From website links too. In order to cleanse the html format returned from webscraping, regular expressions are used.
I have used TF-iDF algorithm to extract the most important setences.
STEPS:
- Tokenise,Lemmatize and remove special characters.
- Take up noun and verb tokens which is basically the importance provider of a sentence.
- Find their frequencies.
- Calculate TF and IDF using the formulae.
- Sort the sentences based on their importance score.
- Select the required percentage of sentences from the sorted list.
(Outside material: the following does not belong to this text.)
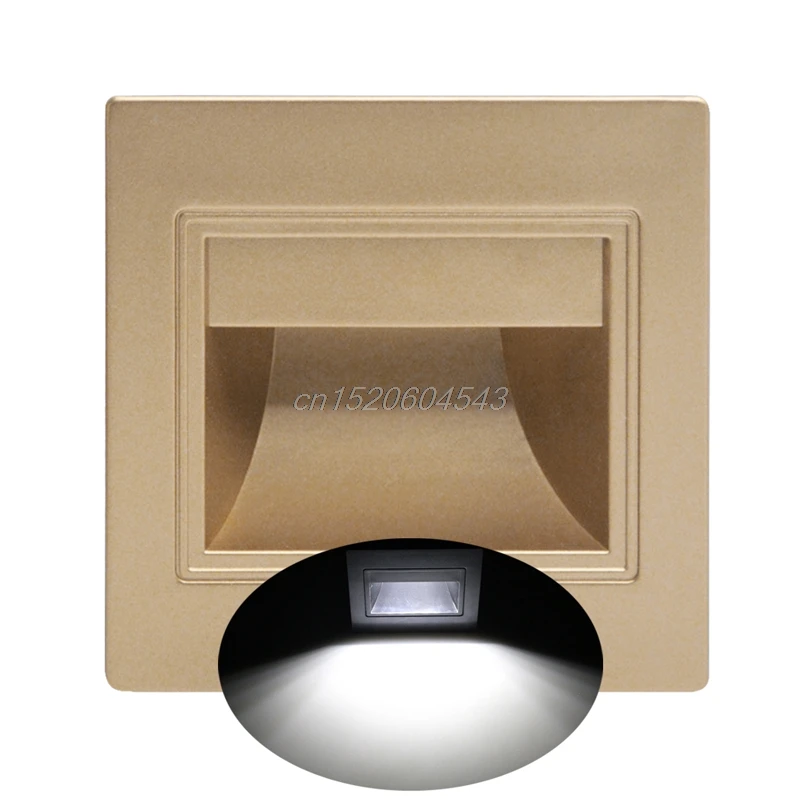 AC 100 240V 1 5 W Luminaria светодиодный настенный светильник подножки Светильники для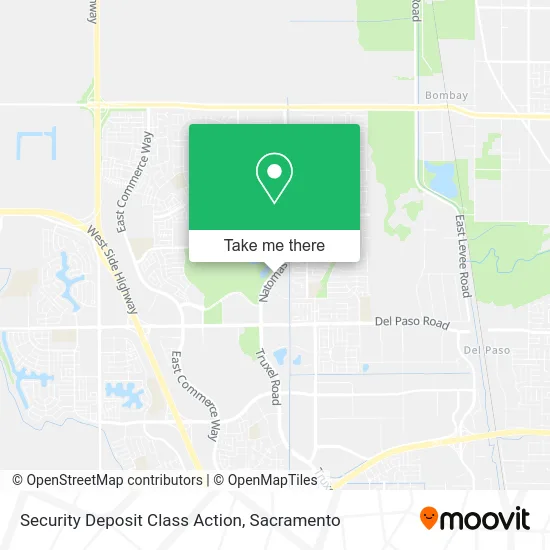 Mapa de Security Deposit Class Action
- Return them in the order of their occurance.
TA-DA!!😁
Check out this awesome link that I referred: https://medium.com/voice-tech-podcast/automatic-extractive-text-summarization-using-tfidf-3fc9a7b26f5
It is a model that helps in identifying the answer to a question or doubt posed by the user. Inorder to do this, the system returns top results for the subjects(finds by PoS tagging) in the user query and searches for the best anwer from the documents retrieved.
The idea is to bring in all the active courses in various MOOC platforms. This helps the users in keeping track of their active courses and schedule their day accordingly.